Legal Expert Highlights Inequity in Federal Sentencing for Corporate Repeat Offenders
Mercer Law School professor Kaleb Byars is calling for a major overhaul of federal sentencing guidelines, arguing that the current system creates an unfair double standard between individual and corporate defendants. In a recent research paper, Byars notes that while individual recidivists face harsher penalties based on their history of deferred prosecution agreements, corporations effectively escape similar scrutiny. Because federal prosecutors frequently resolve corporate misconduct through deferred or non-prosecution agreements rather than formal criminal convictions, these organizations often avoid having their past behavior factored into future sentencing calculations.
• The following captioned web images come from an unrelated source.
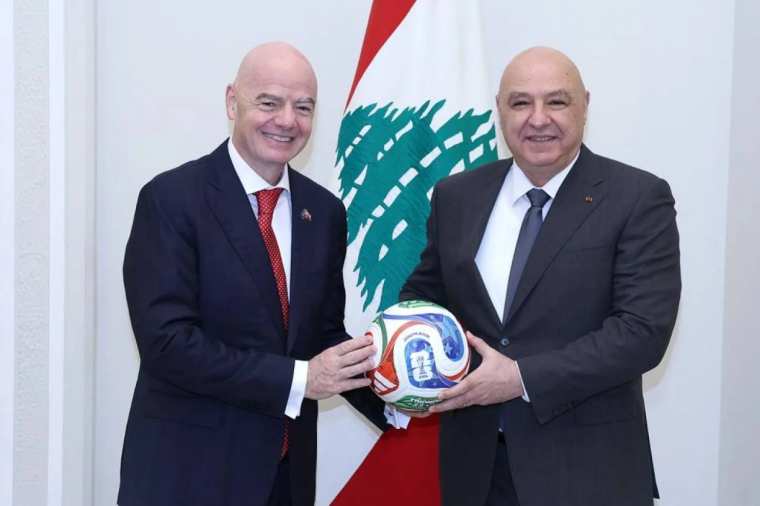 عون يمنح رئيس الفيفا الجنسية اللبنانية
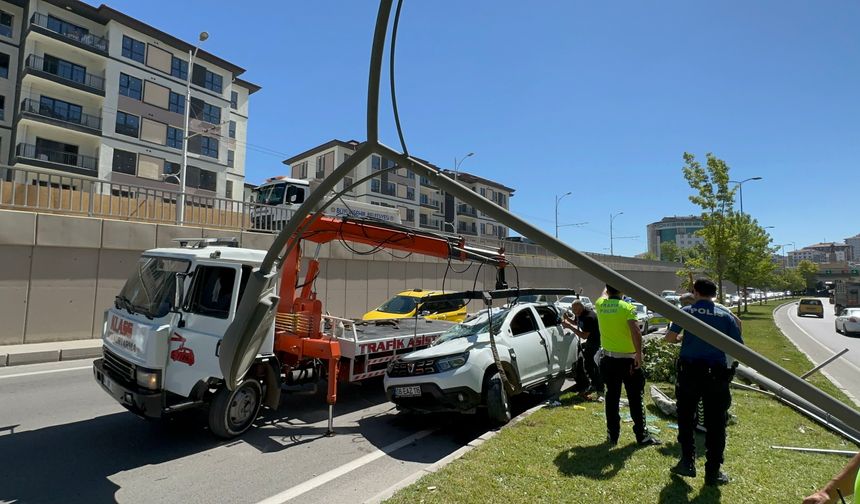 Battalgazi Alt Geçidinde Kaza: 3 Yaralı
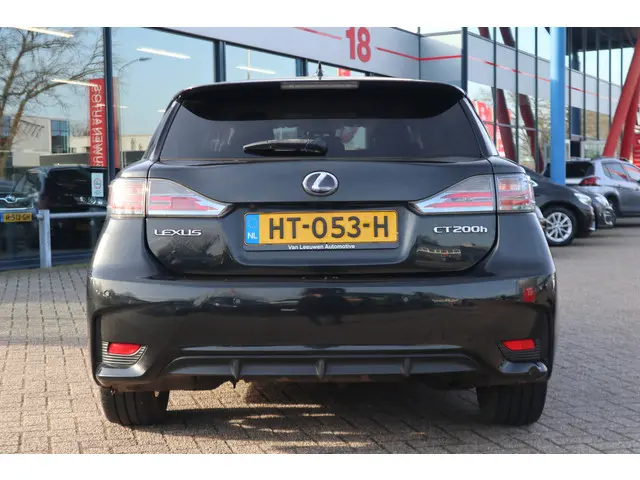 Lexus CT 200h 25th Edition 2015 Hybride Benzine 13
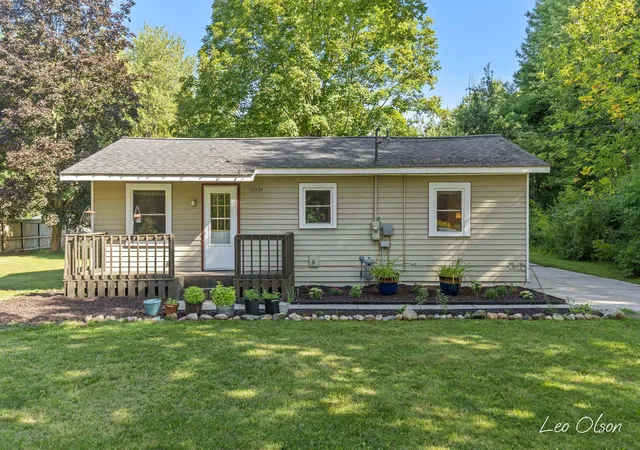 Photo 1 of Single family home for sale at 13531 Van Buren St, Olive Township Ottawa, MI 49424 | MLS# 65026045323 | Listing updated on 2026-08-28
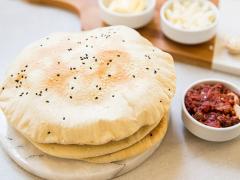 Pain feuillet&eacute; turc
Byars contends that this discrepancy undermines the goal of deterrence, as serial corporate offenders are not held accountable for their patterns of misconduct. He suggests that the oversight likely stems from the fact that these types of agreements were rarely used against companies when the sentencing guidelines were originally drafted. To address this imbalance, the paper recommends that the Sentencing Commission amend the guidelines to require courts to consider an organization’s history of deferred agreements. Until such reforms are enacted, Byars encourages judges to utilize their existing discretion to impose stricter penalties on repeat corporate offenders to ensure a more equitable application of justice.